(Exercise directions): All that is needed is the lines from the one containing "HFX Airport Hotel" through the end of the listing, printed exactly, with no pictures among them.

--

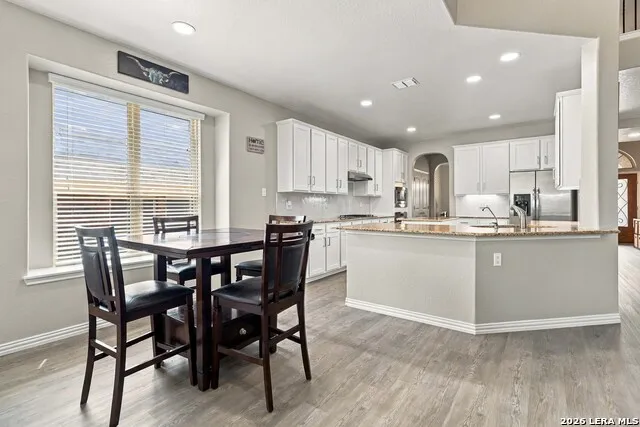 25022 ELWELL PT San Antonio, TX 78255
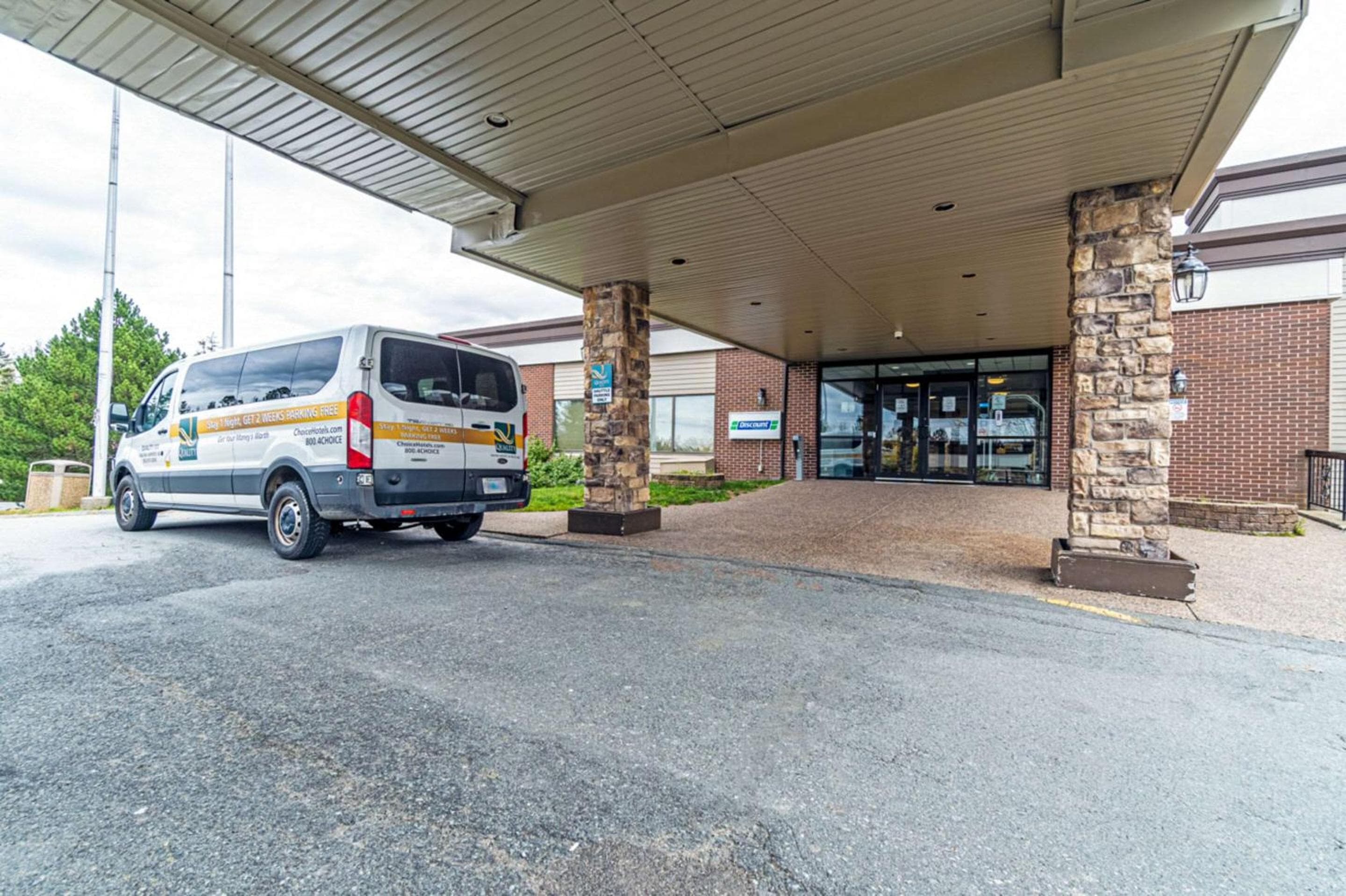 HFX Airport Hotel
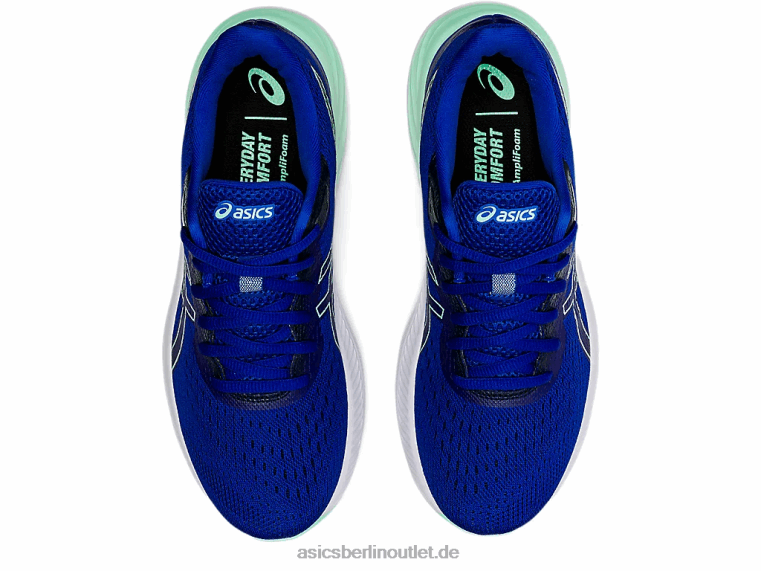 Gel-Excite 8 BL4N3706Asics Lapislazuliblau/frisches Eis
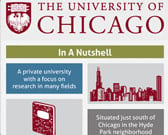 The University of Chicago Infographic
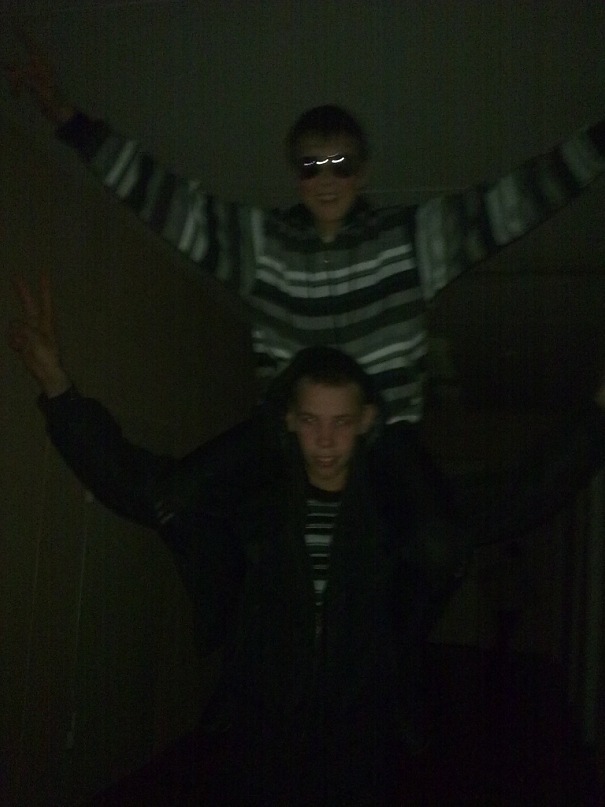 Женя Рыков фотография #16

--

(Exercise response):
 HFX Airport Hotel
 Gel-Excite 8 BL4N3706Asics Lapislazuliblau/frisches Eis
 The University of Chicago Infographic
 Женя Рыков фотография #16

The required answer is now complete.